The purchaser was not bound to look further for evidence of a compliance with the conditions to the grant of the power. This principle was recently applied in a case in the Court of Exchequer in England. (6 Ellis & Blackburn, p. 327, The Royal British Bank v. Tarquand.) It was an action upon a bond against the defendant, as the manager of a joint stock company. The defence was a want of power under the deed of settlement or charter to give the bond. One of the clauses in the charter provided that the directors might borrow money on bonds in such sums as should from time to time by a general resolution of the company be authorized to be borrowed. The resolution passed was considered defective. Jervis, Ch. B., in delivering the judgment of the court, observed: "We may now take it for granted that the dealings with these companies are not like dealings with other partnerships, and that the parties dealing with them are bound to read the statute and the deed of settlement. But they are not bound to do more. And the party here, on reading the deed of settlement, would find, not a prohibition from borrowing, but a permission *546 to do so on certain conditions. Finding that the authority might be made complete by a resolution, he would have a right to infer the fact of a resolution authorizing that which, on the face of the document, appeared to be legitimately done." (See also 5 Ellis and Bl., p. 245, S.C., and 25 E.L. and Eq., p. 114, Macle v. Sutherland.) The principle we think sound, and is entirely applicable to the question before us.

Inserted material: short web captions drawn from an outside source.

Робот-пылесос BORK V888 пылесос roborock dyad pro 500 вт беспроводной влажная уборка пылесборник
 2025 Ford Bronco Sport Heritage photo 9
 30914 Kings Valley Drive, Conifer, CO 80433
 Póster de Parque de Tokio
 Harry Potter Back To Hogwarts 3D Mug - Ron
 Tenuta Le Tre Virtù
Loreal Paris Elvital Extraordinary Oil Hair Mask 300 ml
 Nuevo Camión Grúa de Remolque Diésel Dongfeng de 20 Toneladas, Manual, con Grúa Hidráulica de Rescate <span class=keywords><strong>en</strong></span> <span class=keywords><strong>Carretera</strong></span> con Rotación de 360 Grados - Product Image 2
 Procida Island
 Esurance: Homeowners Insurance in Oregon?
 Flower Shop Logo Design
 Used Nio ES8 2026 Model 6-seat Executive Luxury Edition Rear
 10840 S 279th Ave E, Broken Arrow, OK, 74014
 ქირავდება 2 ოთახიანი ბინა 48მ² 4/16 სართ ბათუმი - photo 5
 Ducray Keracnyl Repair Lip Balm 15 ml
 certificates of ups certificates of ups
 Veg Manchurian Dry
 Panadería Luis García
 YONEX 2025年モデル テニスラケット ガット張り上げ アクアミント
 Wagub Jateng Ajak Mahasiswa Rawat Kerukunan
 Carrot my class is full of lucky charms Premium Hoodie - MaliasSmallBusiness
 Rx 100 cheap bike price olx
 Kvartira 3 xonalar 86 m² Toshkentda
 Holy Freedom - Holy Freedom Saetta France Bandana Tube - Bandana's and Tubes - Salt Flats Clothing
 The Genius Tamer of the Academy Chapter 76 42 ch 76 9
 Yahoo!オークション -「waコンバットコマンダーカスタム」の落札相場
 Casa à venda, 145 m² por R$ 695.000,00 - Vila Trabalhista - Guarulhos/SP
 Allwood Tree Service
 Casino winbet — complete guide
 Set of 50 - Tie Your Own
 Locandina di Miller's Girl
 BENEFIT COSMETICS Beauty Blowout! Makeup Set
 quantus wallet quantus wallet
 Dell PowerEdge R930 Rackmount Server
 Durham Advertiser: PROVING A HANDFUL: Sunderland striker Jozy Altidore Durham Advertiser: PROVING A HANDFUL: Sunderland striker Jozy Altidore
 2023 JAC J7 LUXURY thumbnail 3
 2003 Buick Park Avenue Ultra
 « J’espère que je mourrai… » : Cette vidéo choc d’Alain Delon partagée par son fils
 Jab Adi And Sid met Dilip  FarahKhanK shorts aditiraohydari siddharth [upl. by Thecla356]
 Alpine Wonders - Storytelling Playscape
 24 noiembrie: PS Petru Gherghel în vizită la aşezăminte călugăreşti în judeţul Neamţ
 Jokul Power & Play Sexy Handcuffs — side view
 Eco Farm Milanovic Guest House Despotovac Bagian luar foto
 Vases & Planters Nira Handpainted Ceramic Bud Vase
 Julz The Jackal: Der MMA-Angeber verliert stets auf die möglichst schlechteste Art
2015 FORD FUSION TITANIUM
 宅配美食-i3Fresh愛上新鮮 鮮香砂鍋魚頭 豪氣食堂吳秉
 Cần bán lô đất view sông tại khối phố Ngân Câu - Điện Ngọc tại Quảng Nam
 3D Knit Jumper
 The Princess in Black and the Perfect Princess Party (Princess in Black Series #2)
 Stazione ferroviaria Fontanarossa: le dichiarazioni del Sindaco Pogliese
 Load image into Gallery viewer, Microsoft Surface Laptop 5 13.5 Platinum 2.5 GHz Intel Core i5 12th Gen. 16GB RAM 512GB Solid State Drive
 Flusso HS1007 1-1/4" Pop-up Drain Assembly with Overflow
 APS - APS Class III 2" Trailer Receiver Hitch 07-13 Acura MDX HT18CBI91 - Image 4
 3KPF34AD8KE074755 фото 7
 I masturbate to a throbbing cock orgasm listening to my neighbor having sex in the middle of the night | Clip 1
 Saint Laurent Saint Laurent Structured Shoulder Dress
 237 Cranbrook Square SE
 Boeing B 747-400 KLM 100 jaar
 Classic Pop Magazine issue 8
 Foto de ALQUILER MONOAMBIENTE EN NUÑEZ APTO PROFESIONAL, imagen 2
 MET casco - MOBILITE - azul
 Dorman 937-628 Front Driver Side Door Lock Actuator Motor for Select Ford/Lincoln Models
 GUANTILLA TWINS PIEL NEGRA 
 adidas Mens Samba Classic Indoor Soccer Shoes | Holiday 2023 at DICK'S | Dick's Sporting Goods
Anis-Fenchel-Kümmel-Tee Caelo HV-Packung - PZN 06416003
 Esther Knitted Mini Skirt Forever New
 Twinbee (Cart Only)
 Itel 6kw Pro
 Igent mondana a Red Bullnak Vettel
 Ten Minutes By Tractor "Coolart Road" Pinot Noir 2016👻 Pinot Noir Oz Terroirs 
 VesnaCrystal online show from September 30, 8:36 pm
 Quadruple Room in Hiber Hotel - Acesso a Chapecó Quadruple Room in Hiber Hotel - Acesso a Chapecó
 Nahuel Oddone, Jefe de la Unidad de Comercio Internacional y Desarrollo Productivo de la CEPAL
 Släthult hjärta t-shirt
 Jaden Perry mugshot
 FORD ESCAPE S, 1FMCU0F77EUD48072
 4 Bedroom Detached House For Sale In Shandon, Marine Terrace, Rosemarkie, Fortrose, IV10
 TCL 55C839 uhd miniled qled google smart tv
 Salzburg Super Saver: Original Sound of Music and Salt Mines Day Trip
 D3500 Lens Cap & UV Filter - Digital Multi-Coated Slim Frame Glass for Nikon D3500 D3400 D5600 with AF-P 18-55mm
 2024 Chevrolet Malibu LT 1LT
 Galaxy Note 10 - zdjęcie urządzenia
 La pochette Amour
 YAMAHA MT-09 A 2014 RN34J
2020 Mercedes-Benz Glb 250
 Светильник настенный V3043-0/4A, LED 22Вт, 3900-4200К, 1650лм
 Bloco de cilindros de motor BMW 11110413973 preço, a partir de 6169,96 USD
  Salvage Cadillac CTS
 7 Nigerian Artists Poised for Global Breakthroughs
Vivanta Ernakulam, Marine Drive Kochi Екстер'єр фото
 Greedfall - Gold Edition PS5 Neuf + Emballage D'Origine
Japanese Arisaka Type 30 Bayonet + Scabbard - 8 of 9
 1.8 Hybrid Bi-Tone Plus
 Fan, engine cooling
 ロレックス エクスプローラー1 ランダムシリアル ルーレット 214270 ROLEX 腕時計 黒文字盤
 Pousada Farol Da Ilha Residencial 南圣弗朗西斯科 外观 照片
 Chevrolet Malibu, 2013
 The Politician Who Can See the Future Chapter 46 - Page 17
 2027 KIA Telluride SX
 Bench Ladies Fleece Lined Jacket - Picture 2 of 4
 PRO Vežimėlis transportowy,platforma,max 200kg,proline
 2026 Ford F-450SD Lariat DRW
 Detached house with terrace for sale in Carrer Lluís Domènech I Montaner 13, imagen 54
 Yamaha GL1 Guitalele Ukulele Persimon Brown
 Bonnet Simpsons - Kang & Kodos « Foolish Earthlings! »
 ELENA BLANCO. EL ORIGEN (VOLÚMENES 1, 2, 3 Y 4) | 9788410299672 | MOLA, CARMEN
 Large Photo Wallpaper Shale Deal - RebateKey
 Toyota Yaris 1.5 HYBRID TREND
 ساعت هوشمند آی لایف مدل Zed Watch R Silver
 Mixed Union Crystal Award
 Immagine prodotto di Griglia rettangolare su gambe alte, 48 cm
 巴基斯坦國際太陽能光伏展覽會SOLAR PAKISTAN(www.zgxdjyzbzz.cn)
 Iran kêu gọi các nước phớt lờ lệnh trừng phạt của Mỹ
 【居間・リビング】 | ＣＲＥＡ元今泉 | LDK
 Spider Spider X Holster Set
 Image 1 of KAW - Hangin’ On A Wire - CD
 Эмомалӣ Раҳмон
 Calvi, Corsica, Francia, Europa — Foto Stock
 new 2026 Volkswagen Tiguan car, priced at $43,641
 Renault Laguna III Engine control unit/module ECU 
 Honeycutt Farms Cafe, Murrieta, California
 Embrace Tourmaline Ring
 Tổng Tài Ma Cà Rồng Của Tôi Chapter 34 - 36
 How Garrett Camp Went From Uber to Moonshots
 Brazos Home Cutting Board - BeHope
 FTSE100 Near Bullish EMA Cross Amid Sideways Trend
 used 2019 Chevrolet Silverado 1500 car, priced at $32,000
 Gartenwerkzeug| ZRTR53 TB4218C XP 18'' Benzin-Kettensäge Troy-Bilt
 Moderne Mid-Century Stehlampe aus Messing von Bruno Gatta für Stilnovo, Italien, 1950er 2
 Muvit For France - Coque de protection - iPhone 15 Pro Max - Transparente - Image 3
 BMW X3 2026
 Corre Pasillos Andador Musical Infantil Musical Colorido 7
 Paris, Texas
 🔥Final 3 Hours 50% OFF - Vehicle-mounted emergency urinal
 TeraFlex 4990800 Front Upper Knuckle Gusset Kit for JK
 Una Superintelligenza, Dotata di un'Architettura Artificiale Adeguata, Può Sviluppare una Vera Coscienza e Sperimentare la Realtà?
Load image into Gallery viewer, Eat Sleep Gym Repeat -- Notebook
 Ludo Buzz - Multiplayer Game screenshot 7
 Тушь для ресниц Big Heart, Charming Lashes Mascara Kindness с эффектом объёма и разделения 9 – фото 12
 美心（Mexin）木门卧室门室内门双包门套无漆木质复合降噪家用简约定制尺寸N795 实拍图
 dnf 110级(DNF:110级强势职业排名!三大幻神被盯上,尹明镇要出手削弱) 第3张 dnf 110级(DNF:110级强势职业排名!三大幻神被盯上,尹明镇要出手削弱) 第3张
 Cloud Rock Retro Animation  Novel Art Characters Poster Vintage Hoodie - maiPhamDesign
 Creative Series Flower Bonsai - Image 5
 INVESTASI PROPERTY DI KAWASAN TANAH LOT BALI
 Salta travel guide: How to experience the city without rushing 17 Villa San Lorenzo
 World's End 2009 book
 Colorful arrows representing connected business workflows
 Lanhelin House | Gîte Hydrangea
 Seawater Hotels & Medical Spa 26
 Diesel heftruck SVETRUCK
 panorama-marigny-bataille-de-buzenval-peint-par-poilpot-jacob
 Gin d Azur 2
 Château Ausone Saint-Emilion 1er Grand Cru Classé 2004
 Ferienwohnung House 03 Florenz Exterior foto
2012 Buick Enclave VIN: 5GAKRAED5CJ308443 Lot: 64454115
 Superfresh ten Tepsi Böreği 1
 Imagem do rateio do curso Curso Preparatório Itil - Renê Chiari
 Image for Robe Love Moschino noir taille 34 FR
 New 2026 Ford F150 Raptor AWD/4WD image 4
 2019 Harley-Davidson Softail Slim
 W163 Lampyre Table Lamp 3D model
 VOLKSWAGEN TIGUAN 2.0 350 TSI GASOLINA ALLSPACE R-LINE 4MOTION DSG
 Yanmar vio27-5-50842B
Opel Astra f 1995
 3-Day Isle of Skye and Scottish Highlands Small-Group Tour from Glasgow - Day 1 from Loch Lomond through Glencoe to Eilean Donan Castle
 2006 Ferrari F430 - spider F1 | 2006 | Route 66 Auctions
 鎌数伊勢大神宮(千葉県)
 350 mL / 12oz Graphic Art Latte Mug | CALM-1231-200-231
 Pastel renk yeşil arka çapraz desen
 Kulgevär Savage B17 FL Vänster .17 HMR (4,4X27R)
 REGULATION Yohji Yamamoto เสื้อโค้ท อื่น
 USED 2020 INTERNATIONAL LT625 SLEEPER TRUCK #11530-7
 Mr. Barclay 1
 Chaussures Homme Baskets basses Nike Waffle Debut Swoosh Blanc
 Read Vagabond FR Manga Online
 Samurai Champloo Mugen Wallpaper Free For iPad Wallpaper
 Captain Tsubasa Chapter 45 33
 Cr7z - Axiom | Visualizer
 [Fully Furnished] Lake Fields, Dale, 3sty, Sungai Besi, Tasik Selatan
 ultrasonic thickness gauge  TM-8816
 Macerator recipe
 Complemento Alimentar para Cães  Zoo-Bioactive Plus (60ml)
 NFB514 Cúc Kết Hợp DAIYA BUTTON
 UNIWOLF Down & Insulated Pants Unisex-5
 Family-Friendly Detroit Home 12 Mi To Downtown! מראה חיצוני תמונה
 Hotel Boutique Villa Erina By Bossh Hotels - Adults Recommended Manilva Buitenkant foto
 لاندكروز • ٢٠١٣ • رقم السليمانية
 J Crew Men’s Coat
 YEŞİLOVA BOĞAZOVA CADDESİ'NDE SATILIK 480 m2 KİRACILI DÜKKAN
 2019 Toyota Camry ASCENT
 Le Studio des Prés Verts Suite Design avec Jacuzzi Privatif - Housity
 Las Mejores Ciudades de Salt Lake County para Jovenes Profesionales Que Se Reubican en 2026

A question was made upon the argument, that the suit could not be maintained upon the coupons without the production of the bonds to which they had been attached. But the answer is, that these coupons or warrants for the interest were drawn and executed in a form and mode for the very purpose of separating them from the bond, and thereby dispensing with the necessity of its production at the time of the accruing of each instalment of interest, and at the same time to furnish complete evidence of the payment of the interest to the makers of the obligation.

Some other minor points were made in the case upon the argument, which we have considered, but which it is not important should be particularly noticed. We are satisfied the judgment below is right, and should be affirmed.

Mr. Justice DANIEL dissenting.

In the case of the Knox County Commissioners v. Aspinwall et al., it is my opinion, in the first place, that the Circuit Court had not jurisdiction of the cause, one of the parties being a corporation; and, secondly, I think that the commissioners being known to be a party, it was the duty of those who dealt with them to ascertain the extent of their powers.